Dataset extract:
--------

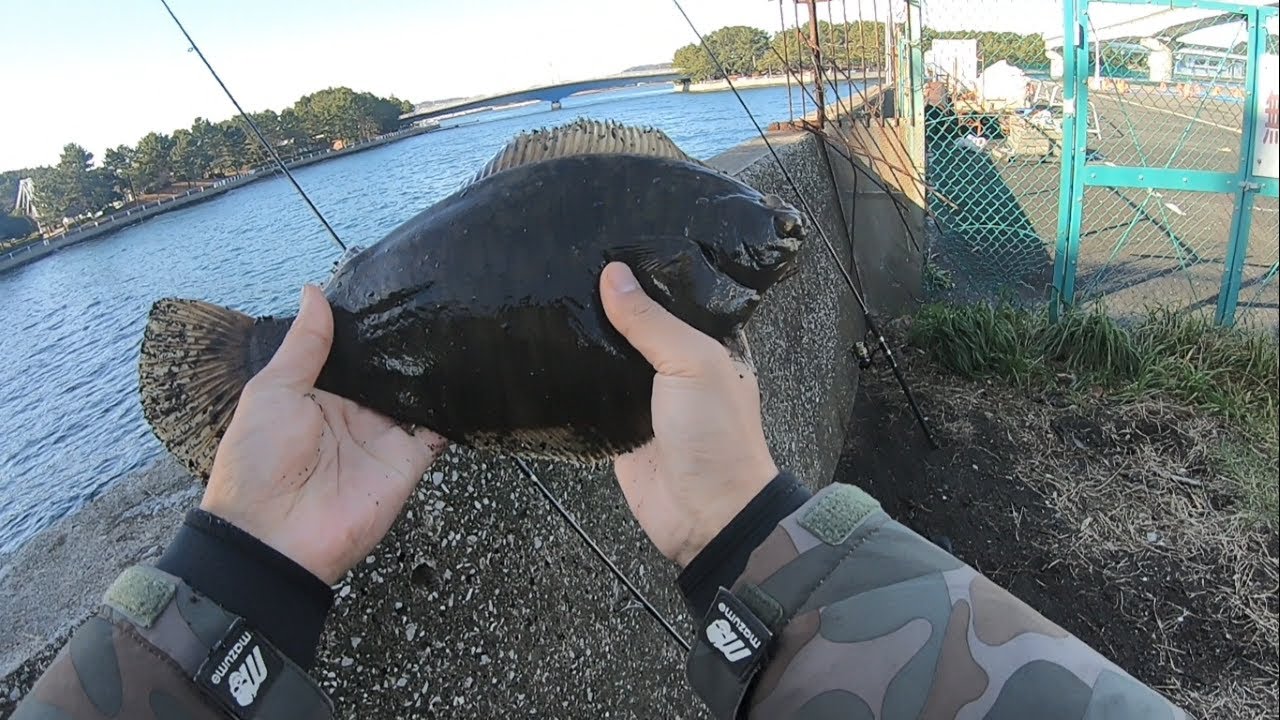 東京湾陸っぱりカレイ狙って釣りしてみたら...幻のマコガレイに大興奮！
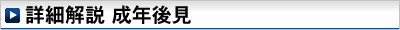 詳細解説　成年後見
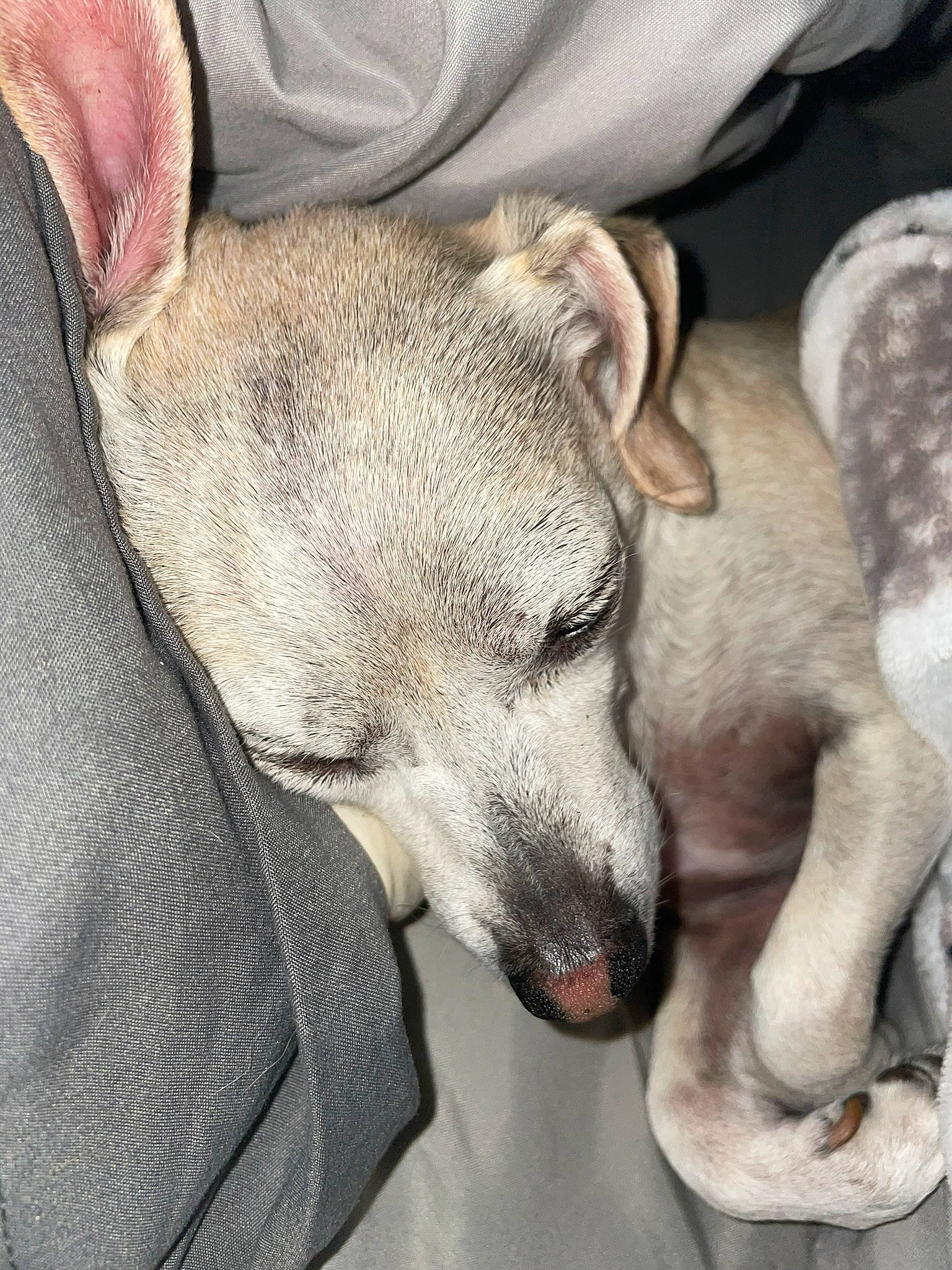 Muffin is registered to the contest to win money with this photo: canidae, carnivore, comfort, companion_dog, dog, dog_breed, fawn, fur, nap, non_sporting_group, paw, puppy_love, retriever, sporting_group, street_dog, toy_dog, whiskers, working_animal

--------

Task description: Copy the listing above in full and exactly, but omit each picture that it holds.

Task answer:
 東京湾陸っぱりカレイ狙って釣りしてみたら...幻のマコガレイに大興奮！
 詳細解説　成年後見
 Muffin is registered to the contest to win money with this photo: canidae, carnivore, comfort, companion_dog, dog, dog_breed, fawn, fur, nap, non_sporting_group, paw, puppy_love, retriever, sporting_group, street_dog, toy_dog, whiskers, working_animal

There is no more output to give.